### Short text fragments from websites
Segment Open

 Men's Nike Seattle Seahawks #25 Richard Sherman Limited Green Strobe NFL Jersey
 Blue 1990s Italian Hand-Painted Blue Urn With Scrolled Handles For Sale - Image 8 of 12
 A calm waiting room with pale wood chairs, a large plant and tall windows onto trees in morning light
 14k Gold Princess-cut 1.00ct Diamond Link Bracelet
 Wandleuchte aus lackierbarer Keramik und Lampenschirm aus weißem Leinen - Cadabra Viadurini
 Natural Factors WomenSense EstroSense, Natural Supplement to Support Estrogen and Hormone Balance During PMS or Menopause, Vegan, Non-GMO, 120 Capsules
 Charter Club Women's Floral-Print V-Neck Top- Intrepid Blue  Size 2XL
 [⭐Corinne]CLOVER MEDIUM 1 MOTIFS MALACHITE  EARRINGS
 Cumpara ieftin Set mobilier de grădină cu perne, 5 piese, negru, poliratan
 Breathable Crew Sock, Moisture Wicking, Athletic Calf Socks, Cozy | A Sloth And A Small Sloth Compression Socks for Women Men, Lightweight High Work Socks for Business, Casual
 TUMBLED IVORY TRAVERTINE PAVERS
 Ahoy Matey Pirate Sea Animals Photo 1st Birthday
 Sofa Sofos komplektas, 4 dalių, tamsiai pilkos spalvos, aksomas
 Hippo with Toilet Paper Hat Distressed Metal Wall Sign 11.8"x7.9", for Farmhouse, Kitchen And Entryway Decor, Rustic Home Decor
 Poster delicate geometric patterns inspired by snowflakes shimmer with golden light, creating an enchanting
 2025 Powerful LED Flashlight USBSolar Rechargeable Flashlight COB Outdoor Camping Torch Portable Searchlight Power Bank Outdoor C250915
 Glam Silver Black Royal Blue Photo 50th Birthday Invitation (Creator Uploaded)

Segment Closed

### What you have to do
Find the lines in the data that include "Birthday", then copy each of them.

### Expected answer
 Ahoy Matey Pirate Sea Animals Photo 1st Birthday
 Glam Silver Black Royal Blue Photo 50th Birthday Invitation (Creator Uploaded)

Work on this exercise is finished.